* Exercise data:
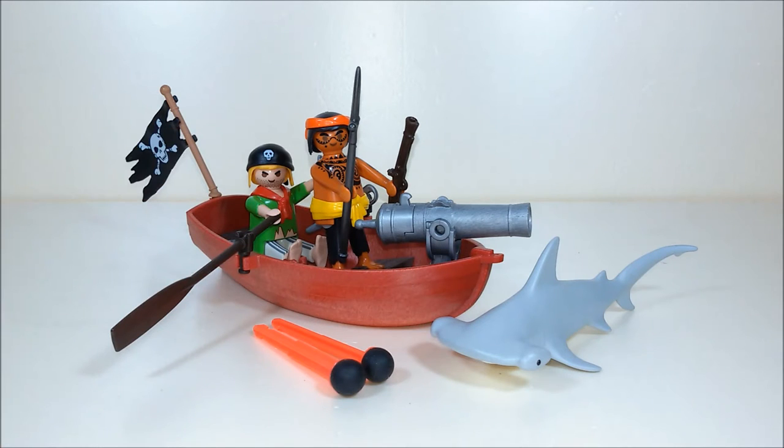Hi, this is Playmobil set number 5137, released by Geobra in 2011. It's the Pirates raft with shark.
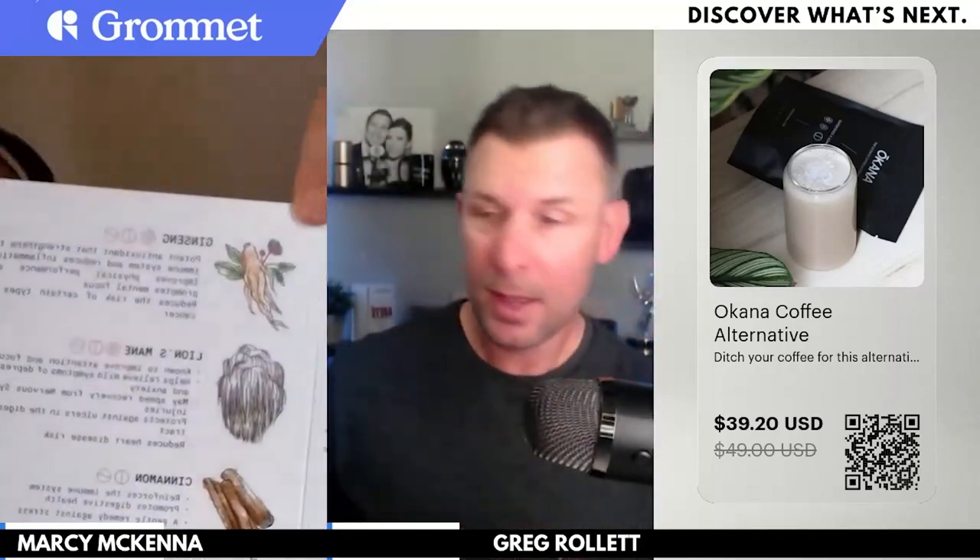The product itself is a powder that you put into hot water. I basically filled the coffee mug up, put it in the microwave for about a minute and a half, put a scoop of Okana in there, used a frother — we have the Nano Foamer on Grommet right now — mixed it up, and had a great drink.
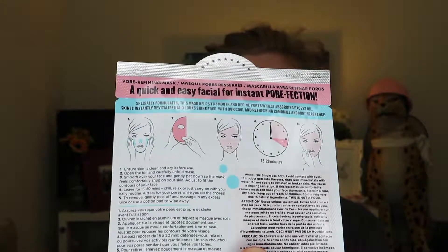It's especially formulated to help smooth and refine pores whilst absorbing excess oil — skin is instantly revitalized and looks shine free with a cool refreshing chamomile and mint fragrance. Instructions say: ensure skin is clean and dry, open the foil, carefully unfold the mask, smooth over your face and gently pat down so it feels comfortably snug, adjust to fit the contours of your face, leave for 15 to 20 minutes. To remove, gently peel off and massage in any excess juice or use a cotton pad to wipe away.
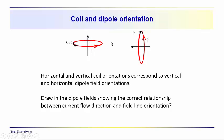Over here, we have the current going into the screen. If we wrap our fingers around the coil with our thumb pointed in the direction of current flow, the fingers come through the inside of the coil pointing from right to left. So in this case, the dipole field is oriented horizontally.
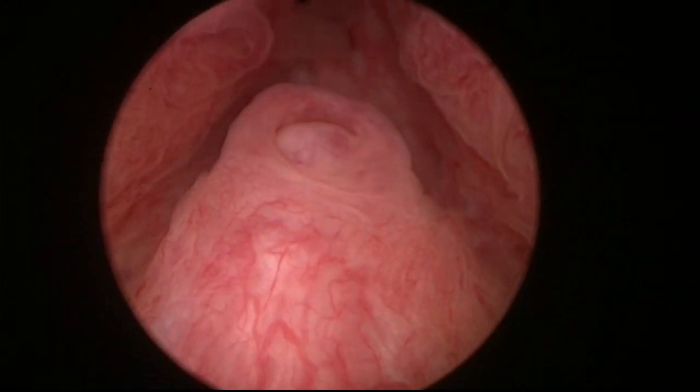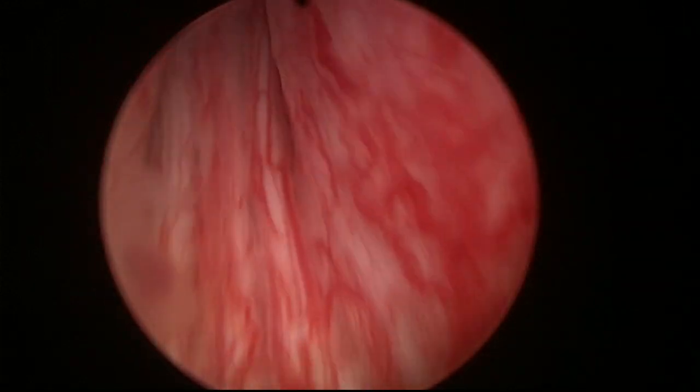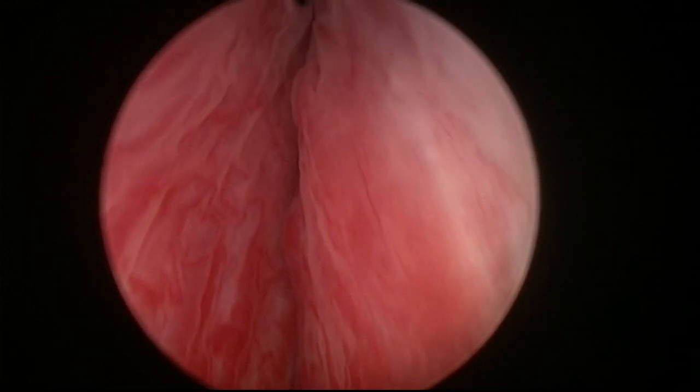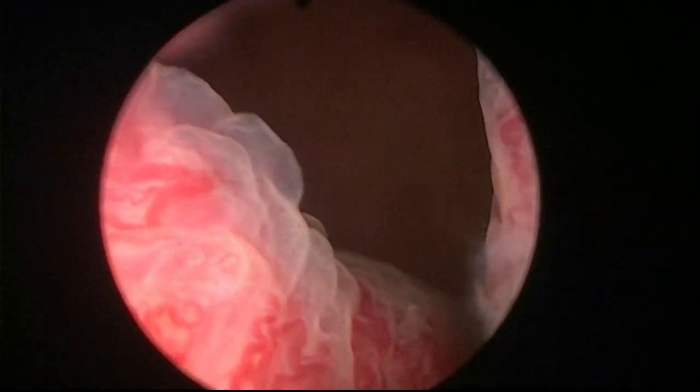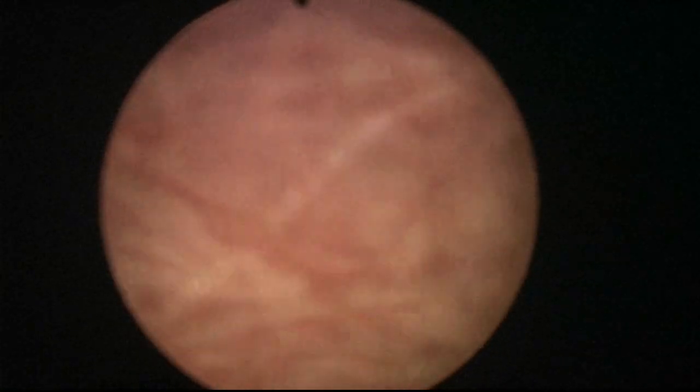We can recognize the verum montanum and we can recognize the edge of the sphincter here. This is not a specially large gland — it is a little bit enlarged but not too enlarged. The ureteral orifices are relatively close to the bladder neck. There's a trabeculated bladder. This is edema from the catheter, and I am going to introduce the laser fiber. I am going to work with a holmium laser.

* Work instruction:
Where the line containing "The product itself" appears in the entries above, start there and set down every line exactly through the last one, inclusive; omit pictures.

* Answer to the problem:
The product itself is a powder that you put into hot water. I basically filled the coffee mug up, put it in the microwave for about a minute and a half, put a scoop of Okana in there, used a frother — we have the Nano Foamer on Grommet right now — mixed it up, and had a great drink.
It's especially formulated to help smooth and refine pores whilst absorbing excess oil — skin is instantly revitalized and looks shine free with a cool refreshing chamomile and mint fragrance. Instructions say: ensure skin is clean and dry, open the foil, carefully unfold the mask, smooth over your face and gently pat down so it feels comfortably snug, adjust to fit the contours of your face, leave for 15 to 20 minutes. To remove, gently peel off and massage in any excess juice or use a cotton pad to wipe away.
Over here, we have the current going into the screen. If we wrap our fingers around the coil with our thumb pointed in the direction of current flow, the fingers come through the inside of the coil pointing from right to left. So in this case, the dipole field is oriented horizontally.
We can recognize the verum montanum and we can recognize the edge of the sphincter here. This is not a specially large gland — it is a little bit enlarged but not too enlarged. The ureteral orifices are relatively close to the bladder neck. There's a trabeculated bladder. This is edema from the catheter, and I am going to introduce the laser fiber. I am going to work with a holmium laser.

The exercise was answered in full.